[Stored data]
=====
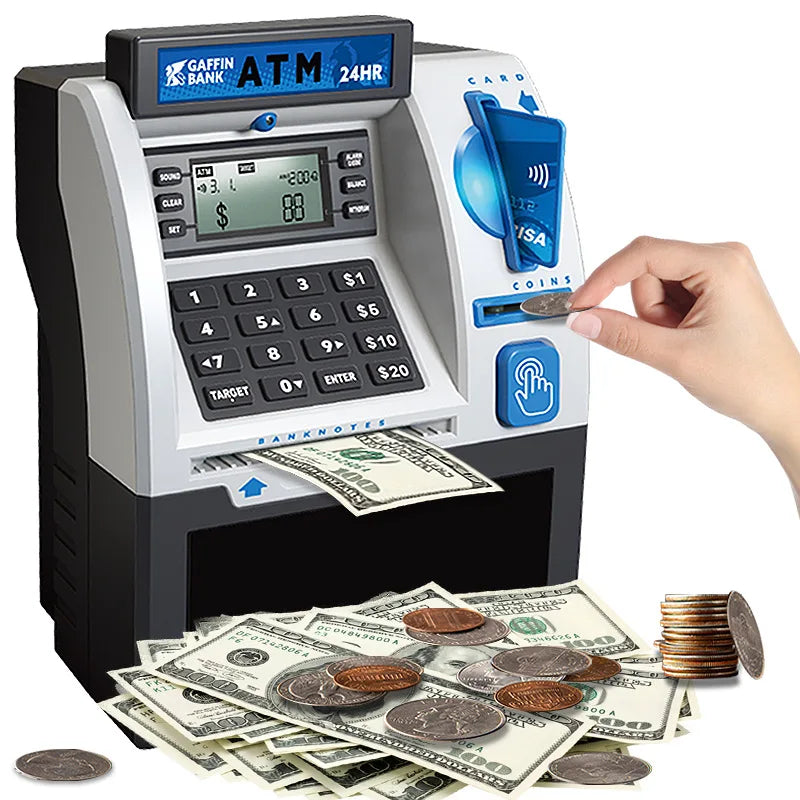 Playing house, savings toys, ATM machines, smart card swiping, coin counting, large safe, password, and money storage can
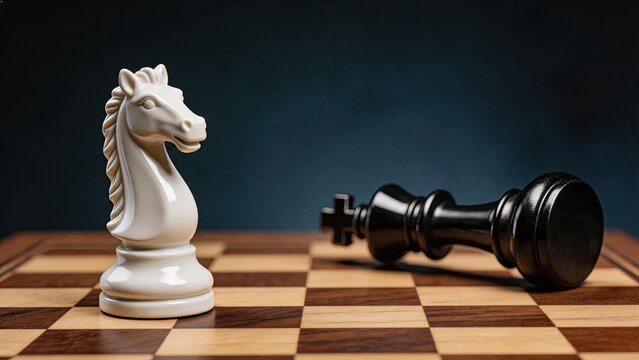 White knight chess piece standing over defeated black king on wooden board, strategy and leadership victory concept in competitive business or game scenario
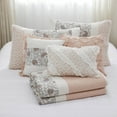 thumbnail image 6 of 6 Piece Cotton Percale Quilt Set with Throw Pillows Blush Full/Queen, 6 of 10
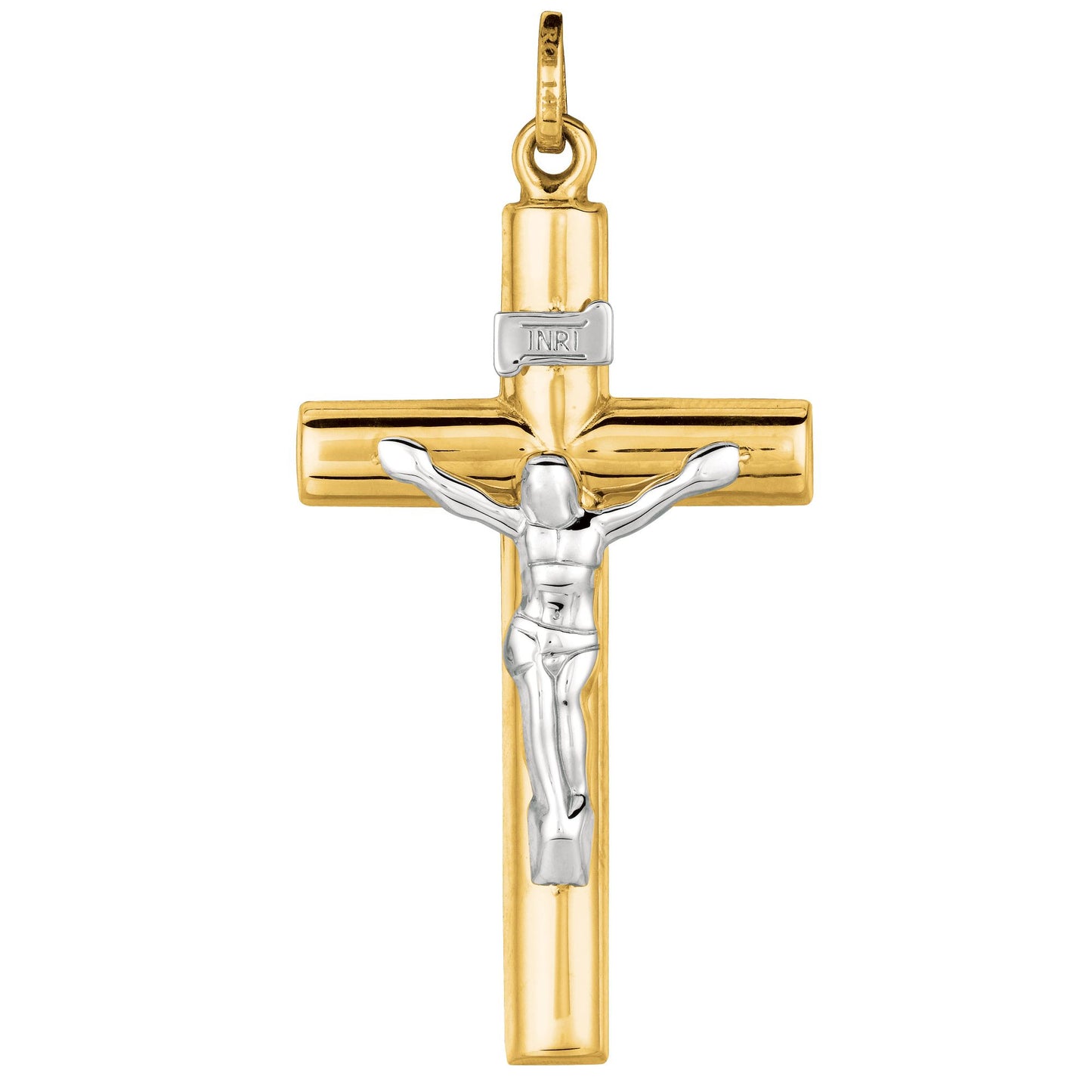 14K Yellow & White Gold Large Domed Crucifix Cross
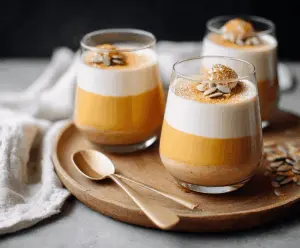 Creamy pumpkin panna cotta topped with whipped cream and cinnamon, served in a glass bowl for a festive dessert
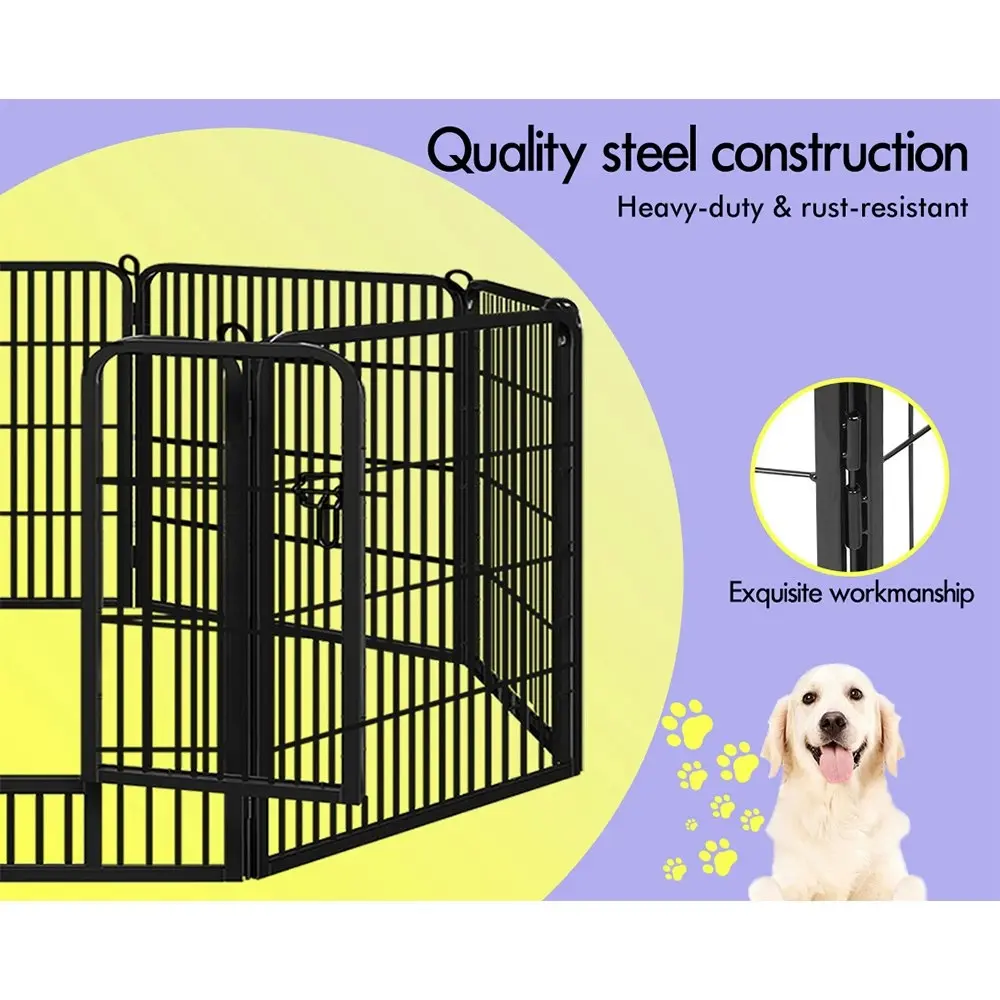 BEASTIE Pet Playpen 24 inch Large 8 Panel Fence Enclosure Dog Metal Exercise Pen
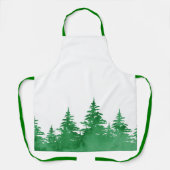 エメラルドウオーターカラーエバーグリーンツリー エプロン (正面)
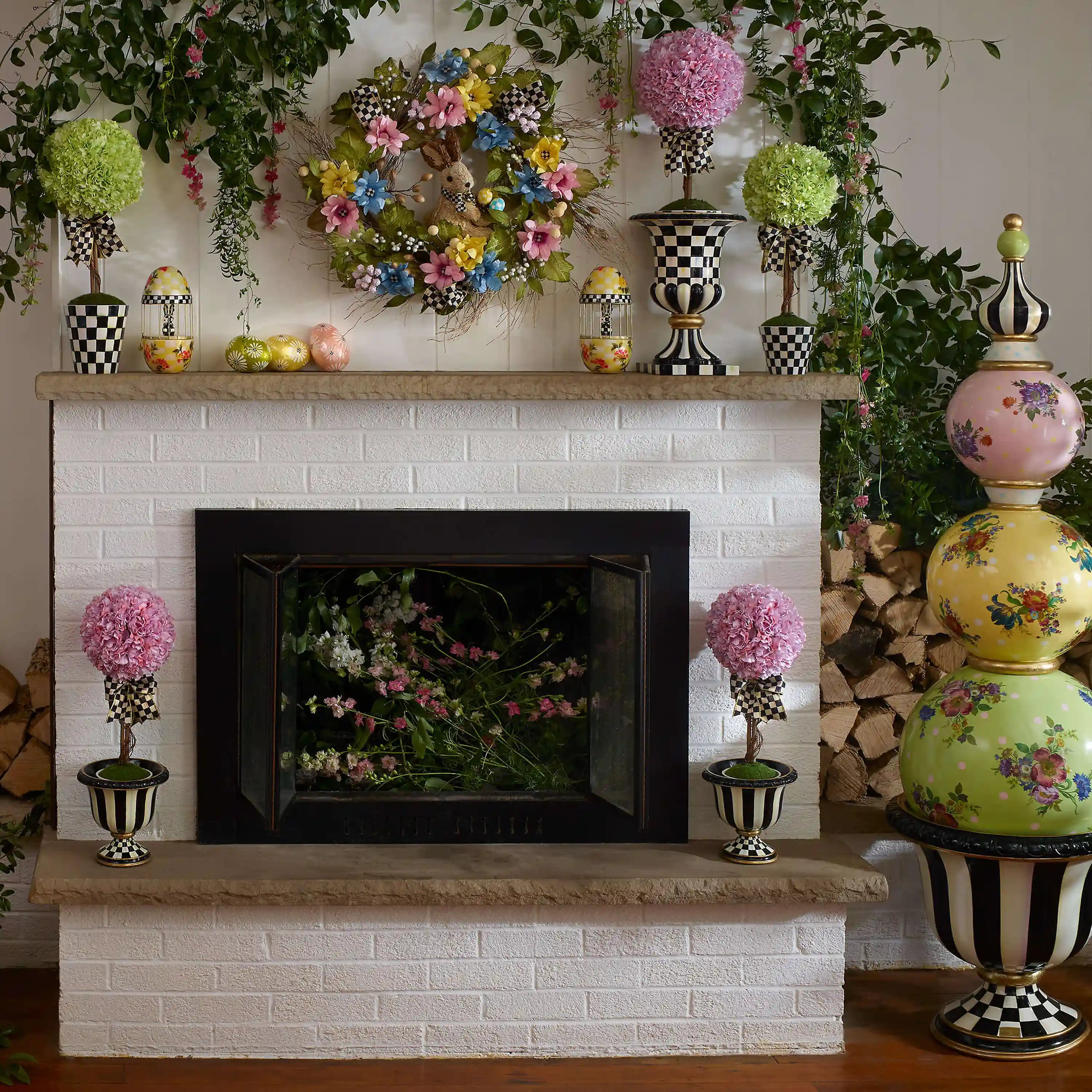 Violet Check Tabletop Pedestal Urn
=====
*TASK GOAL*: Take the records above from the line with "14K Yellow &" down to their last line and please copy those lines exactly, without the pictures.

*RESULT*:
 14K Yellow & White Gold Large Domed Crucifix Cross
 Creamy pumpkin panna cotta topped with whipped cream and cinnamon, served in a glass bowl for a festive dessert
 BEASTIE Pet Playpen 24 inch Large 8 Panel Fence Enclosure Dog Metal Exercise Pen
 エメラルドウオーターカラーエバーグリーンツリー エプロン (正面)
 Violet Check Tabletop Pedestal Urn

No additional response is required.